How to Keep Your Investments in Recession

Recessions don’t mean you should get rid of all your investments. Falling stocks can mean opportunities for investors to buy valuable long-term investments at discounted prices. Differentiating between what you should let go of and what you should invest in is a crucial first step.

“Overall, investors should consider balancing capital preservation in their portfolios in the short term with staying invested for longer opportunities. In this environment, how you gain exposure is paramount. We recommend that investors focus on higher-quality investments and avoid more speculative areas of the market,” says Sid Vaidya, chief U.S. investment strategist at TD Wealth.

That means focusing on companies with resilient balance sheets, high-quality fixed income instruments such as Treasury bonds and mortgage-backed securities, and credit instruments such as investment-grade bonds, Vaidya added.

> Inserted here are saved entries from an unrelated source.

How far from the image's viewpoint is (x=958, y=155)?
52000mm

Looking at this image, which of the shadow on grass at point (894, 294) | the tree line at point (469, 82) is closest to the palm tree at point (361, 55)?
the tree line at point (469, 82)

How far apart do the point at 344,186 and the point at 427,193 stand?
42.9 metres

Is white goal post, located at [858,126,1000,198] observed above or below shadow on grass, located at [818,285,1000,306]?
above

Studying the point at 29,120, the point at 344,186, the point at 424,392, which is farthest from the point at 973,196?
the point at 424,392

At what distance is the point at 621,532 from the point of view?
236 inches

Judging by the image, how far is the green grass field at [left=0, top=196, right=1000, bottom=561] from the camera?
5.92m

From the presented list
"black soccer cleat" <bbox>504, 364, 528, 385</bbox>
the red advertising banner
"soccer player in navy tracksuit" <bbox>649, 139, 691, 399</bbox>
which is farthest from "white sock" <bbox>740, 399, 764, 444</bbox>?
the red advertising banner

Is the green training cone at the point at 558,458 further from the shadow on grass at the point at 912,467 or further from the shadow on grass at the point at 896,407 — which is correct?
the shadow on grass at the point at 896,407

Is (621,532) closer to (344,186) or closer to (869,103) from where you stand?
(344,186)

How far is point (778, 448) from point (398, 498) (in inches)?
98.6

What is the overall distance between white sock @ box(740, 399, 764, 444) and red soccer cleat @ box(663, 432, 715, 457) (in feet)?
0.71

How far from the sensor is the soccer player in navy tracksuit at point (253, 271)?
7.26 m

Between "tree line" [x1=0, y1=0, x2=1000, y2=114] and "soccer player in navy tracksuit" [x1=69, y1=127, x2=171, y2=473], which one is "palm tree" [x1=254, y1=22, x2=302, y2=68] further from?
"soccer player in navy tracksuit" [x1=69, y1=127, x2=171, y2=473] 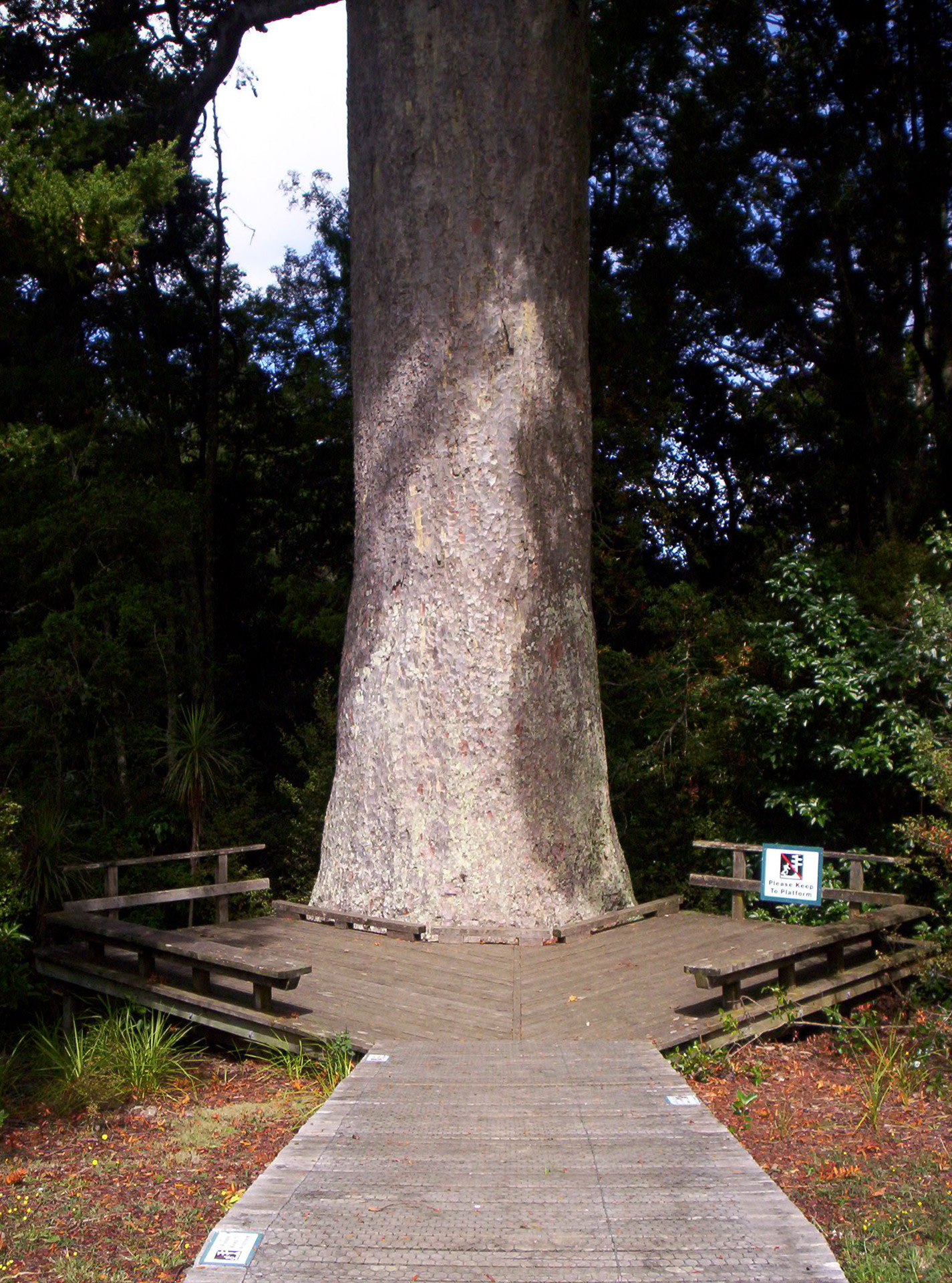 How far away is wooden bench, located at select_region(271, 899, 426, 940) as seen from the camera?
7.38 meters

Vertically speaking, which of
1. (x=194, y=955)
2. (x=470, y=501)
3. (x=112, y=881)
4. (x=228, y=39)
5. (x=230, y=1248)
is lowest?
(x=230, y=1248)

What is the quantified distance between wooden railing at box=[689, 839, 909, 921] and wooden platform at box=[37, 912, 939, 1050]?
24 centimetres

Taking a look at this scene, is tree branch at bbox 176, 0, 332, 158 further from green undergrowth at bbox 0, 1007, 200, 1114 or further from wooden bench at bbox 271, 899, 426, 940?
green undergrowth at bbox 0, 1007, 200, 1114

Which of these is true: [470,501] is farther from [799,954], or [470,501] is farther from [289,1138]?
[289,1138]

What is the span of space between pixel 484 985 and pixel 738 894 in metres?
2.27

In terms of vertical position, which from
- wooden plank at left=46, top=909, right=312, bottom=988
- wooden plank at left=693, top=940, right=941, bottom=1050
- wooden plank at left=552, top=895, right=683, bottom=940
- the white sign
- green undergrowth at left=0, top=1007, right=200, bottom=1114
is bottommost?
green undergrowth at left=0, top=1007, right=200, bottom=1114

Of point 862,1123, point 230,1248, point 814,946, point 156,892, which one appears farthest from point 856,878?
point 230,1248

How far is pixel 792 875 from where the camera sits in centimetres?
629

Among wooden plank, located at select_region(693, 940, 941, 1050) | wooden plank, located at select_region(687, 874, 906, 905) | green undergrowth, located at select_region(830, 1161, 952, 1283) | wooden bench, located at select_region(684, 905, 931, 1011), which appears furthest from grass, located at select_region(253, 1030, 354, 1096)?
wooden plank, located at select_region(687, 874, 906, 905)

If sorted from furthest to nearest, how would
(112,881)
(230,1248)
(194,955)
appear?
1. (112,881)
2. (194,955)
3. (230,1248)

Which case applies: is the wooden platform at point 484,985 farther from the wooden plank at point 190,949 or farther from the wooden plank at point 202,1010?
the wooden plank at point 190,949

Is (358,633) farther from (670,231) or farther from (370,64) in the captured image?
(670,231)

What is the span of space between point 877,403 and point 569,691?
26.9 ft

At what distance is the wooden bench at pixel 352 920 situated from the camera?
7375 millimetres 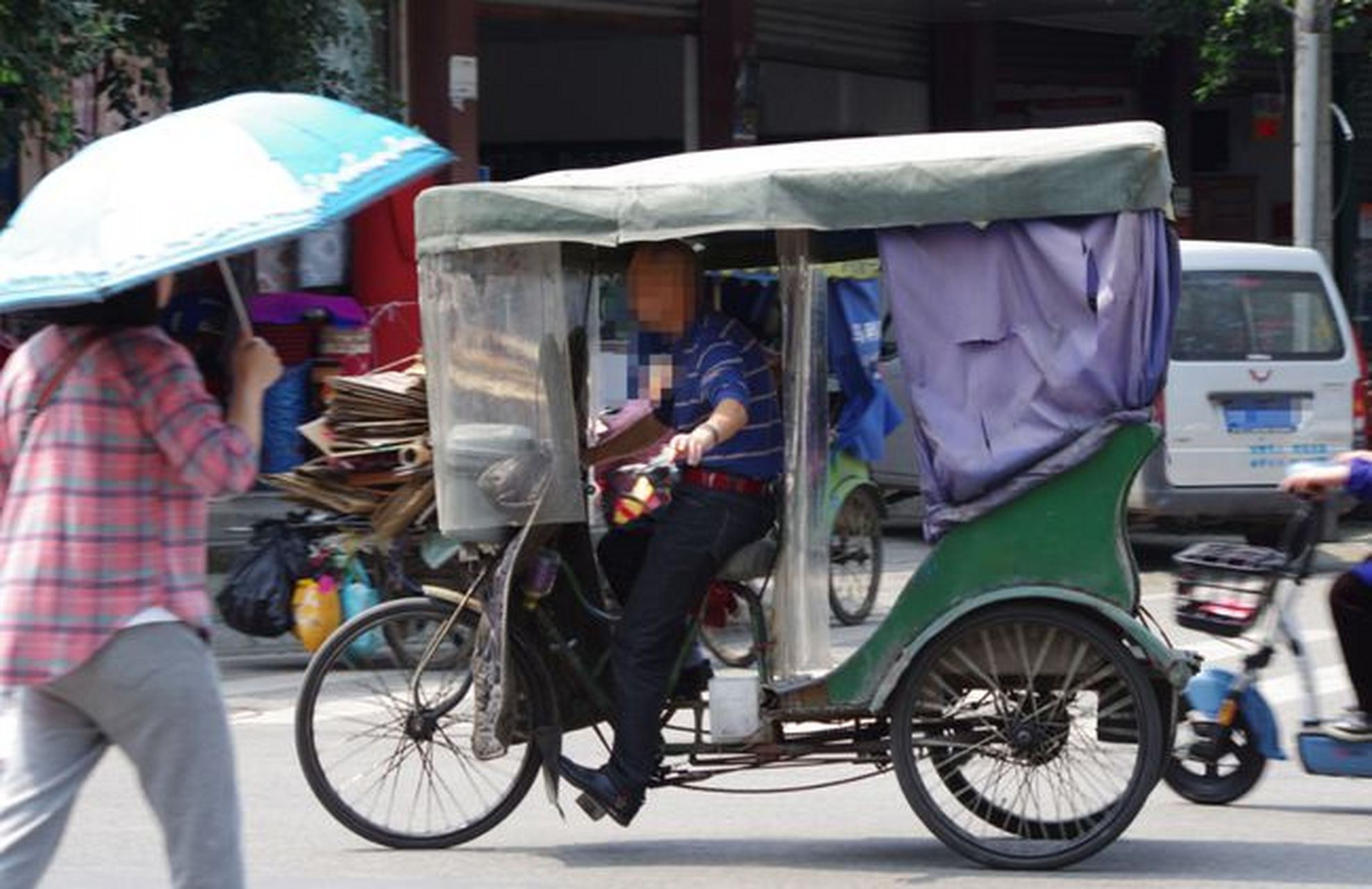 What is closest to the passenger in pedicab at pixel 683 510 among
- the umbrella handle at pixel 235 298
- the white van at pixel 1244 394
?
the umbrella handle at pixel 235 298

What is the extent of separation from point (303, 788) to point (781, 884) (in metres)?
2.21

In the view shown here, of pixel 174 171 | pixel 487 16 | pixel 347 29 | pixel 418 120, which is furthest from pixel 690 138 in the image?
pixel 174 171

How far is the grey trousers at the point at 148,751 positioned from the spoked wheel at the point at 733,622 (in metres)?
2.49

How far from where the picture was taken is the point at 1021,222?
631 centimetres

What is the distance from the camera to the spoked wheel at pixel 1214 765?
23.7 ft

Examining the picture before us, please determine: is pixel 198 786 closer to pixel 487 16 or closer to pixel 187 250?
pixel 187 250

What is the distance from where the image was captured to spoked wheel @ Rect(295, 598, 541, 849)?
6.76 m

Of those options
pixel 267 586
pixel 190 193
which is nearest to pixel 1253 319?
pixel 267 586

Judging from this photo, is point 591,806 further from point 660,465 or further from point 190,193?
point 190,193

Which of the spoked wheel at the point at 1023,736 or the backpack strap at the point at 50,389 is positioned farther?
the spoked wheel at the point at 1023,736

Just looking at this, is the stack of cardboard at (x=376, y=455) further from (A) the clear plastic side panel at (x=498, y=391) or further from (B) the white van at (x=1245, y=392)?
(B) the white van at (x=1245, y=392)

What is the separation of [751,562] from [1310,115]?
10.8 m

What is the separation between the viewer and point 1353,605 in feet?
23.1

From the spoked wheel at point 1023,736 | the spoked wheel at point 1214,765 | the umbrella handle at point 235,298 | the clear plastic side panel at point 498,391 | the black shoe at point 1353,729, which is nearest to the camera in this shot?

Treasury bonds and mortgage-backed securities are higher quality securities that offer steady income and stability.

Summary

It’s important to stay invested in a recession and not simply empty your positions into cash — but the quality of your investments is key. Avoiding highly leveraged companies, high-yield bonds, and speculative investments will be important during a recession to ensure your portfolio isn’t exposed to unnecessary risk. Instead, focus on high-quality government securities, investment-grade bonds, and companies with solid balance sheets.

—Georgina Tzanetos contributed to a previous version of this article

Editorial Disclaimer: All investors should conduct their own independent research into investment strategies before making an investment decision. In addition, investors should remember that past performance of investment products is not a guarantee of future price growth.